> TASK GOAL
Return exactly the span of lines in the following data that opens with the line containing "The sky is overcast, with" and closes with the line containing "The image captures". Include nothing else.

> MATERIALS PROVIDED
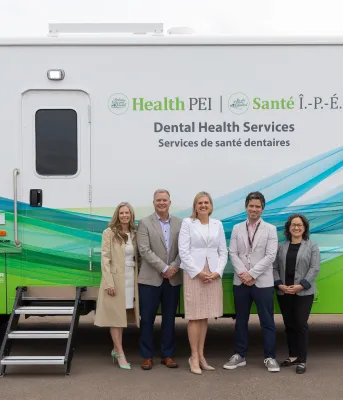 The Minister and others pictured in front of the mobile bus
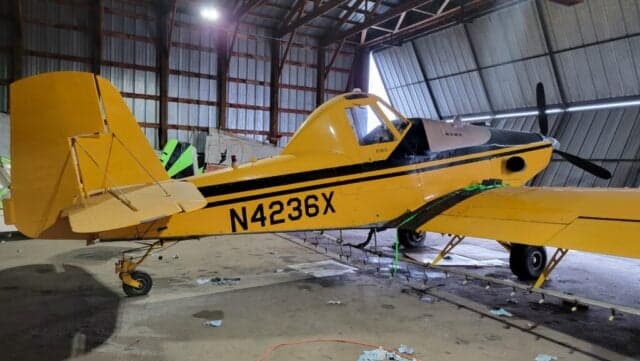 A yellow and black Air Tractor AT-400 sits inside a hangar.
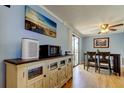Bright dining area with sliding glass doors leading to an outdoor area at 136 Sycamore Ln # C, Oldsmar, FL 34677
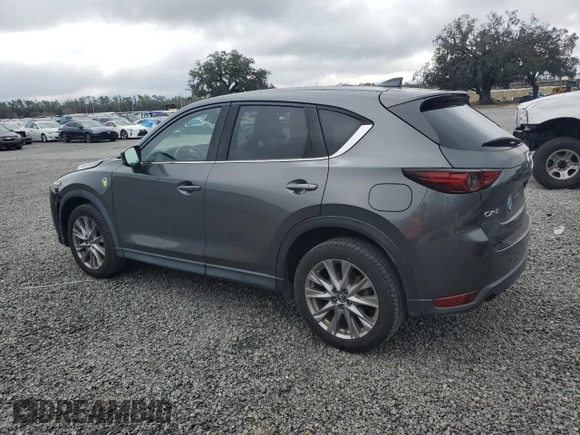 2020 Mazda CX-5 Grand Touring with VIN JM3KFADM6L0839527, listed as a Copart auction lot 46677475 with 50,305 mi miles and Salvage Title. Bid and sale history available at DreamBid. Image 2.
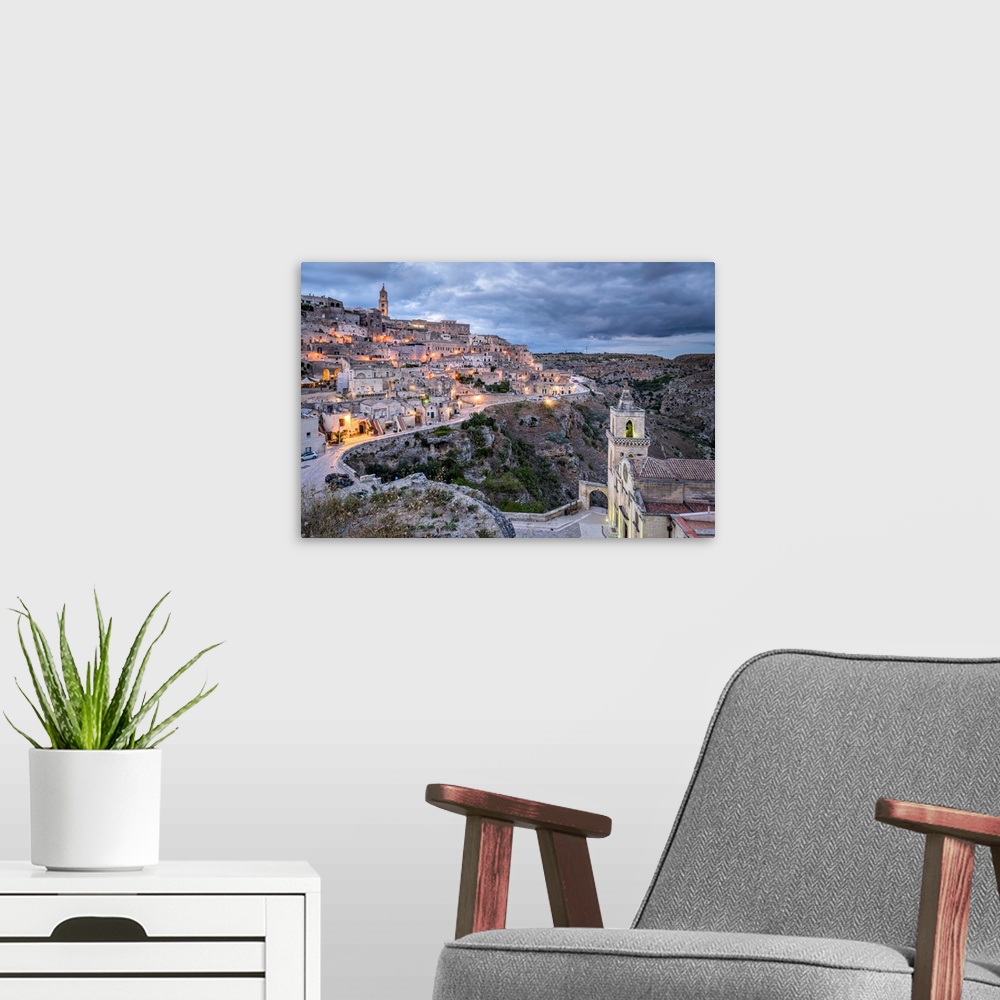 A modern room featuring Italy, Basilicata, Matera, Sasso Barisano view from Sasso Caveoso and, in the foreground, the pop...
---
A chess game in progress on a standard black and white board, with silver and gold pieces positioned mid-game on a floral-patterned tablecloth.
==
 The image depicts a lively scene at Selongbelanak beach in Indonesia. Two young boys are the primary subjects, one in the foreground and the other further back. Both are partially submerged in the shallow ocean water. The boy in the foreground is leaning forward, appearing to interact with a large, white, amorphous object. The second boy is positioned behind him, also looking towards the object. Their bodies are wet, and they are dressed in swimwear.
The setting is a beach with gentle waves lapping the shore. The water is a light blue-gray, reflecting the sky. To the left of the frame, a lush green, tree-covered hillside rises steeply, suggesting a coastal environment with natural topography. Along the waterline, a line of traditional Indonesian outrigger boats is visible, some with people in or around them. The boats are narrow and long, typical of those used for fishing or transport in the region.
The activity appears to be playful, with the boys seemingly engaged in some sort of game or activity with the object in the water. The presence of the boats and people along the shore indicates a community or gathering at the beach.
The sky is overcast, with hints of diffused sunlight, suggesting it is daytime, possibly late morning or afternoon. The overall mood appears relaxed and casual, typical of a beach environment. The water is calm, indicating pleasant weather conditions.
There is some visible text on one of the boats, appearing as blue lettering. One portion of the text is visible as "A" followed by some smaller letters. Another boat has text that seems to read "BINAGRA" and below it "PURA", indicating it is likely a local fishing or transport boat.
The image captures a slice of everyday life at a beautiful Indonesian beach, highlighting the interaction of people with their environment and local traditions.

> OUTPUT OF THE TASK
The sky is overcast, with hints of diffused sunlight, suggesting it is daytime, possibly late morning or afternoon. The overall mood appears relaxed and casual, typical of a beach environment. The water is calm, indicating pleasant weather conditions.
There is some visible text on one of the boats, appearing as blue lettering. One portion of the text is visible as "A" followed by some smaller letters. Another boat has text that seems to read "BINAGRA" and below it "PURA", indicating it is likely a local fishing or transport boat.
The image captures a slice of everyday life at a beautiful Indonesian beach, highlighting the interaction of people with their environment and local traditions.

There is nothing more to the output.